- _Data extract_

%%

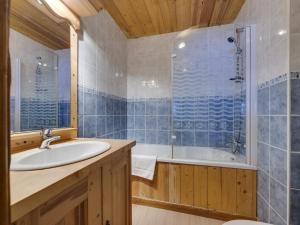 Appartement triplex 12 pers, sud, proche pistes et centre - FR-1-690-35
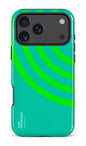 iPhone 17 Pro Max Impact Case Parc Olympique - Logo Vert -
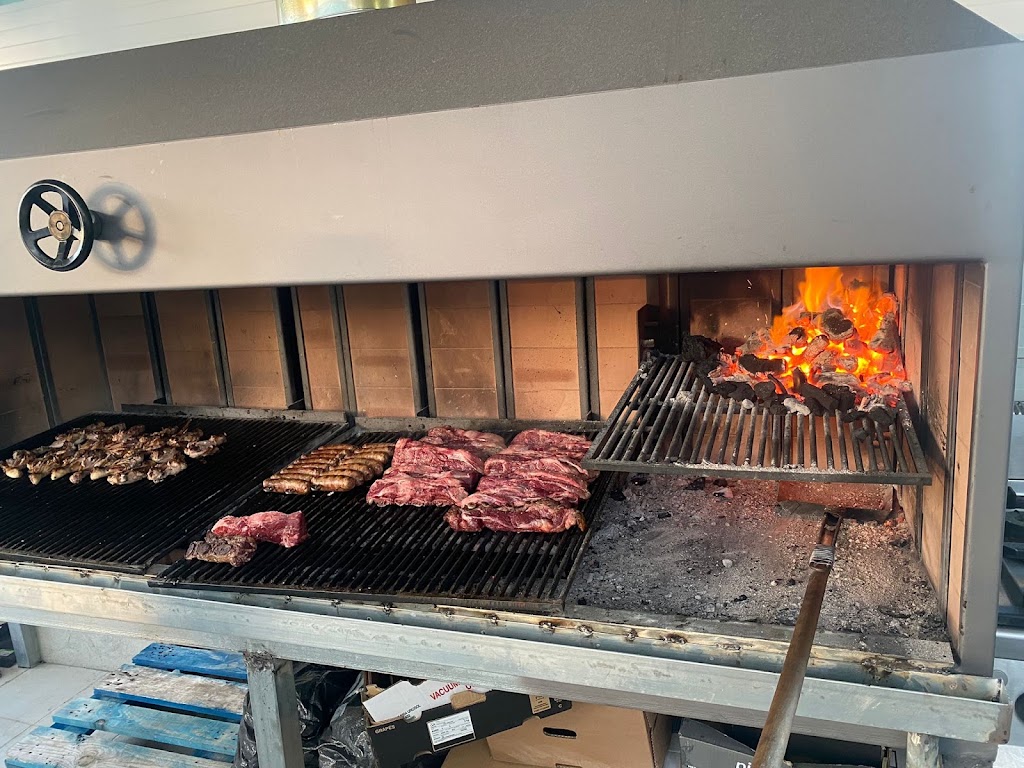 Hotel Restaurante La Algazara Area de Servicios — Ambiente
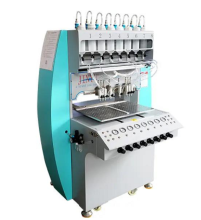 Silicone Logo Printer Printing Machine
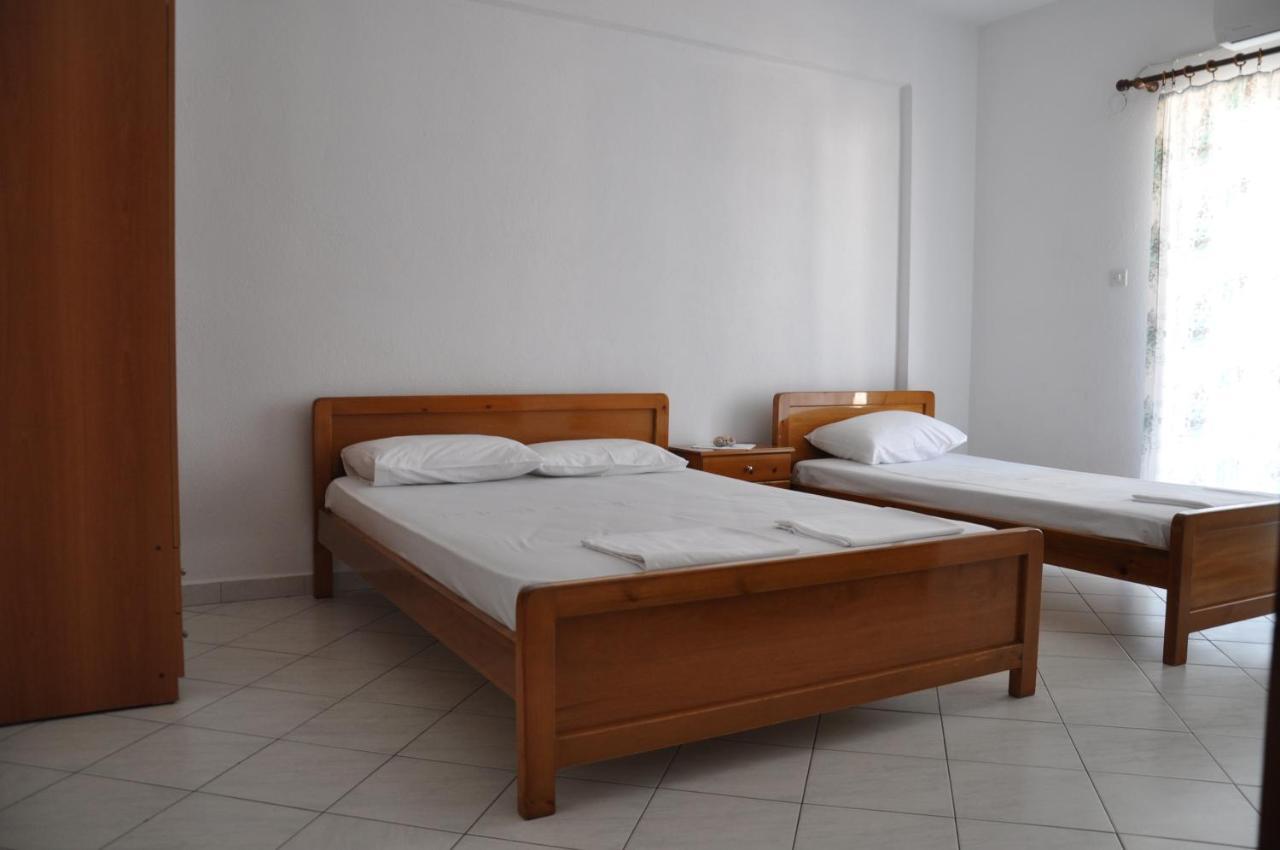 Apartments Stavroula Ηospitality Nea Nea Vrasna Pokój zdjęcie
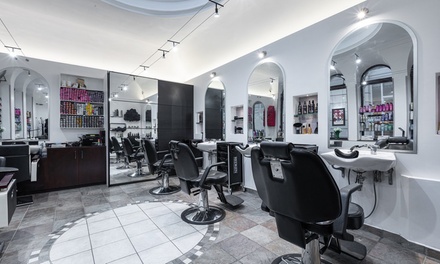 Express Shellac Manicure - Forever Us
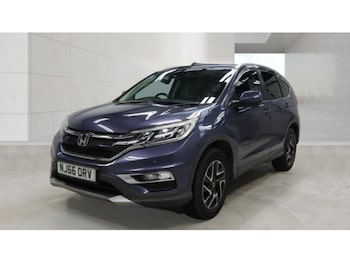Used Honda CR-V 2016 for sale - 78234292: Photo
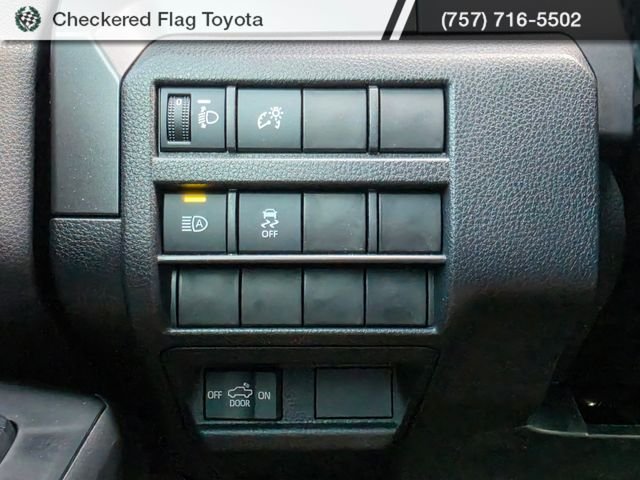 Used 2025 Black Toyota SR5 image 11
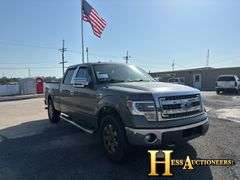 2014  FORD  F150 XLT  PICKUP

%%
%%

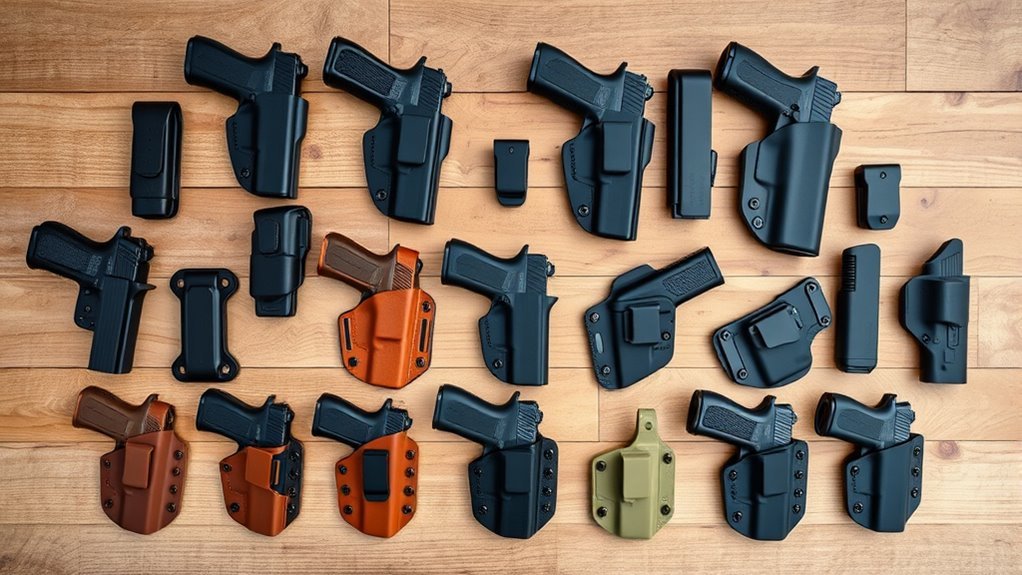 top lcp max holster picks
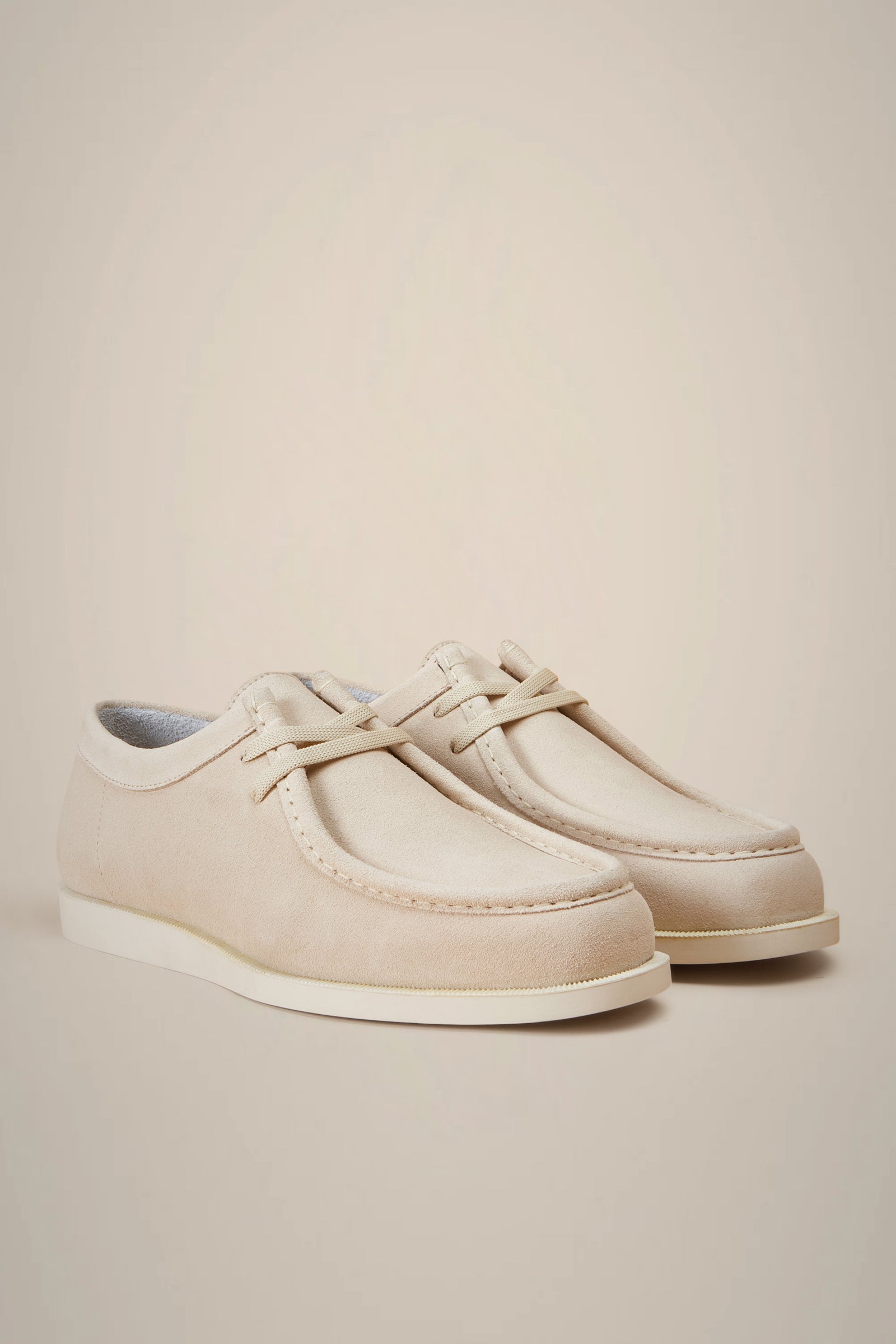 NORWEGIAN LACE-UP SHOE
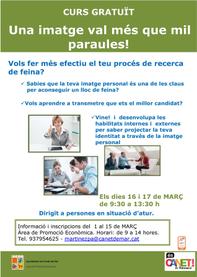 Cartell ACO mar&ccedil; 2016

%%

- _What needs to be done_
Here the job is to copy the stretch of records from the line containing "Appartement triplex 12" through the line containing "Silicone Logo Printer Printing Machine", word for word. Leave every picture out.

- _Result for this exercise_
 Appartement triplex 12 pers, sud, proche pistes et centre - FR-1-690-35
 iPhone 17 Pro Max Impact Case Parc Olympique - Logo Vert -
 Hotel Restaurante La Algazara Area de Servicios — Ambiente
 Silicone Logo Printer Printing Machine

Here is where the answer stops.